For some reason, it didn’t fully install. Do

sudo apt install libnvvpi2 vpi2-dev vpi2-samples

NOTE: Always reference VPI’s official documentation. My stuff is easily outdated.

Resources

https://www.youtube.com/watch?v=6-FhpfwBpXk&ab_channel=NVIDIADeveloper

Questions:

  • I have some confusion about streams. Why do we have to specify the backend for the stream when we do vpiCreateStreamWrapper, but not vpiStreamCreate. Why the difference?
  • In cudaMalloc, you can specify the stream. However, vpiImageCreate doesn’t require you to define the stream?

Basics

Allocating a VPIImage

CHECK_STATUS(vpiImageCreate(cols, rows, VPI_IMAGE_FORMAT_U8, 0, &image));

Free a VPIImage

vpiImageDestroy(image);

Few ways to create images

  • vpiImageCreate
  • vpiImageCreateWrapper (from wrapping VPIImage around some other data)
  • vpiImageLockData / vpiImageUnlock (for getting the raw pointer from VPI, wrap this around another data structure)

VPIImageFormats

I realize that an image format is tightly coupled with how it is stored in memory. So what are the different formats?
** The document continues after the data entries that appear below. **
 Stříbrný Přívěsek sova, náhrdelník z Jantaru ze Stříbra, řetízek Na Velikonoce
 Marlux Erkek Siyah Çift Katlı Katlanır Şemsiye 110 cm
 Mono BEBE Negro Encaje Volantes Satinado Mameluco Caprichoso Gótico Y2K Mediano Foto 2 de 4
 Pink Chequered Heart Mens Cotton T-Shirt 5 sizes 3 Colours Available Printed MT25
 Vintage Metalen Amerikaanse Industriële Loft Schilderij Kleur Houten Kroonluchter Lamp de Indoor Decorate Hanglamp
The higher level thing is this

/** Represents the available methods to access image contents.
 * The correct method depends on \ref VPIImageData::bufferType. */
typedef union VPIImageBufferRec
{
    /** Image stored in pitch-linear layout.
     * To be used when \ref VPIImageData::bufferType is:
     * - \ref VPI_IMAGE_BUFFER_HOST_PITCH_LINEAR
     * - \ref VPI_IMAGE_BUFFER_CUDA_PITCH_LINEAR
     */
    VPIImageBufferPitchLinear pitch;
 
    /** Image stored in a `cudaArray_t`.
     * To be used when \ref VPIImageData::bufferType is:
     * - \ref VPI_IMAGE_BUFFER_CUDA_ARRAY
     */
    cudaArray_t cudaarray;
 
    /** Image stored as an EGLImageKHR.
     * To be used when \ref VPIImageData::bufferType is:
     * - \ref VPI_IMAGE_BUFFER_EGLIMAGE
     */
    EGLImageKHR egl;
 
    /** Image stored as an NvBuffer file descriptor.
     * To be used when \ref VPIImageData::bufferType is:
     * - \ref VPI_IMAGE_BUFFER_NVBUFFER
     */
    int fd;
 
} VPIImageBuffer;

https://docs.nvidia.com/vpi/group__VPI__Image.html#unionVPIImageBuffer https://docs.nvidia.com/vpi/group__VPI__ImageFormat.html

So for grayscale, they only have 1 channel

 #define VPI_IMAGE_FORMAT_U8 VPI_DETAIL_MAKE_NONCOLOR_FMT1(PL, UNSIGNED, X000, X8)
 
#define VPI_IMAGE_FORMAT_U8_BL VPI_DETAIL_MAKE_NONCOLOR_FMT1(BL, UNSIGNED, X000, X8)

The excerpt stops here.